The No. 2 discount chain had previously identified wellness as one of four core “signature” categories that also include style, baby and kids. The company has also been busy trialing connected display concepts and home automation sections in select stores and test shops.

“We’re constantly looking for opportunities to evolve our assortment and shopping experience to meet the changing needs of our guests,” the Target spokeswoman said. “We know our guests are increasingly interested in these types of products, and will evaluate future growth plans based on their feedback and sales results.”

In other news for the No. 2 discount chain, Target is focusing on a smaller-footprint store format that can squeeze into strip malls and city streets where its gargantuan flagship boxes can’t. The initiative is being carried out as part of an effort to increase market penetration (and comply with local zoning regs).

The retailer operates several so-called flexible urban formats, including TargetExpress, its newest and, at about 20,000 square feet its smallest; and CityTarget, which can range from 80,000 to 160,000 square feet.

By comparison, the big-box flagships range from an average of about 116,000 square feet for the general merchandise stores to 177,000 square feet for SuperTargets.

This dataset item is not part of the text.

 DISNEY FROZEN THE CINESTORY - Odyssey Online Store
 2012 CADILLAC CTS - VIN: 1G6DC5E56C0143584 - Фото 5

Over the next two years all but two of the company’s 21 planned store openings will be less than 50,000 square feet in size. Among the more interesting locations coming this fall:

• Cupertino, Calif.: 21,000 square feet
• Tribeca, New York: 45,000 square feet (two levels)
• Hyde Park, Chicago: 20,000 square feet
• State College, Pa.: 28,000 square feet

The stores will feature localized assortments, such as tech accessories in Cupertino, Apple’s headquarters town, and “dorm essentials” at the Penn State store, to be located just off campus.

The buildout comes after Walmart pulled the plug on its own small-format Express shops, which were similarly conceived to backfill markets and penetrate urban areas.